M. Marc LE FUR : On me dit que certains départements ont prévu des dérogations. Lesquelles, et dans quel cadre ? A-t-on au moins harmonisé la jurisprudence en la matière ?

M. Philippe BETTIG : Nous avons une organisation européenne : la Fédération des associations de chasseurs d'Europe, la FACE, autrement dit un observateur au niveau de Bruxelles, mais la décision ayant été prise, on l'a dit, dans le mauvais comité, les chasseurs français n'ont pas pu faire entendre leur voix, malgré l'intervention de la FACE.

Des dérogations ont été prévues dans le domaine de l'élevage, mais en aucun cas pour la chasse.

M. Marc LE FUR : Certains préfets en auraient accordé, m'a-t-on dit.

M. Philippe BETTIG : La première interdiction prise le 24 octobre jusqu'au 1er décembre nous a fait l'effet d'un coup de massue, mais a été relativement acceptée. Nous avons essayé de trouver des accommodements en identifiant les facteurs de risque. Nous avons présenté des propositions au ministère de l'écologie, qui les avait reprises, et proposé au Premier ministre des solutions de confinement prévoyant l'utilisation de cages, ce qui permettait l'utilisation des appelants, etc., sans malheureusement être entendus. Nous avons cherché un juste équilibre prenant en compte la nécessaire prévention et la surveillance, et le fait que nous sommes le pays d'Europe qui chasse le plus le migrateur : le jour où ils disparaîtront, il en sera de même pour la moitié des chasseurs français. Le gibier d'eau est plus particulièrement visé en raison du risque aquatique, mais on ne voit pas pourquoi d'autres espèces ne seraient pas également porteuses - n'a-t-on pas récemment trouvé un pigeon porteur du virus dans la banlieue de Moscou, il y a quelques semaines ? Nous sommes parfaitement conscients du risque et tout à fait désireux de participer au dispositif de surveillance, mais nous y participerions d'autant mieux que l'on trouvera des accommodements de nature à préserver ce qui est pour nous un loisir, mais surtout une véritable passion. Le canard en plastique et l'appeau ne remplaceront jamais l'appelant vivant, et nous refusons avec force les systèmes électroniques dont l'usage, hélas ! s'est considérablement développé depuis l'interdiction. Les grandes surfaces ont été dévalisées et cela est déplorable pour l'éthique cynégétique.

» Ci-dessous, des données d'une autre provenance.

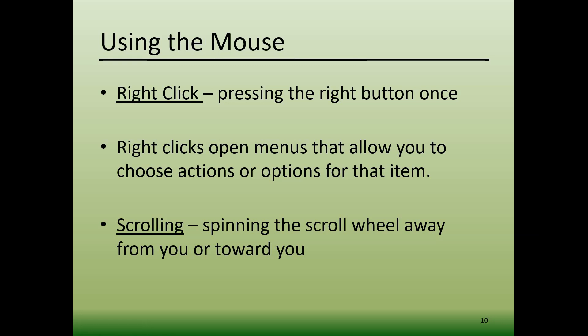And if your mouse has a scroll wheel, you can spin the wheel away from you or spin the wheel toward you, and it will move the page on your monitor up and down very quickly. Most people use their index finger to scroll.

Mme Françoise PESCHADOUR : Je vois mal comment un chien robot pourrait remplacer un chien compagnon à la maison, et des formes en plastique remplacer nos appelants, fruit d'une sélection culturelle et d'une longue pratique du travail avec les animaux. Il n'y a pas de produit de substitution, ni d'ersatz. M. le Président, en début de séance, a quelque peu balayé nos arguments d'un revers de main au motif que la chasse n'était qu'un loisir face à une très lourde préoccupation de pandémie mondiale. Vous avez à juste titre rappelé que nous étions, pour le moment, confrontés à un problème de santé animale et que le réseau français a fait preuve de son excellence dans la gestion de ce risque. À preuve, l'épisode de grippe aviaire aux Pays-Bas avait été géré avec sérénité. Or les modèles appliqués avec succès dans l'élevage peuvent être transposés à la faune sauvage et les chasseurs peuvent contribuer au suivi de ce problème en offrant la solidité de leurs réseaux. Quelque opinion que l'on ait d'eux, leur aide peut être précieuse pour la société - quelle que soit l'opinion que l'on ait des chasseurs - dans la mesure où ils sont des hommes en contact avec la faune sauvage.

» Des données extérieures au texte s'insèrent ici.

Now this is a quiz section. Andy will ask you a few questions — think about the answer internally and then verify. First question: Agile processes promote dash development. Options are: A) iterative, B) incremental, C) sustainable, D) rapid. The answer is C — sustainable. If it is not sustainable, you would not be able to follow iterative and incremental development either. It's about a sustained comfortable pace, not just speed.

Le Parlement avait ardemment souhaité parvenir à une chasse apaisée. On ne peut négliger le fait qu'elle représente le deuxième loisir des Français. Or, sur le terrain, les mesures décidées sont ressenties comme un signe d'opprobre, une mise au ban de la société, au mépris des acquis culturels, économiques et sociaux. La chasse est une fête ; ne la tuons pas, utilisons-la plutôt intelligemment.

Mme la Présidente : Je vous remercie tous pour votre participation.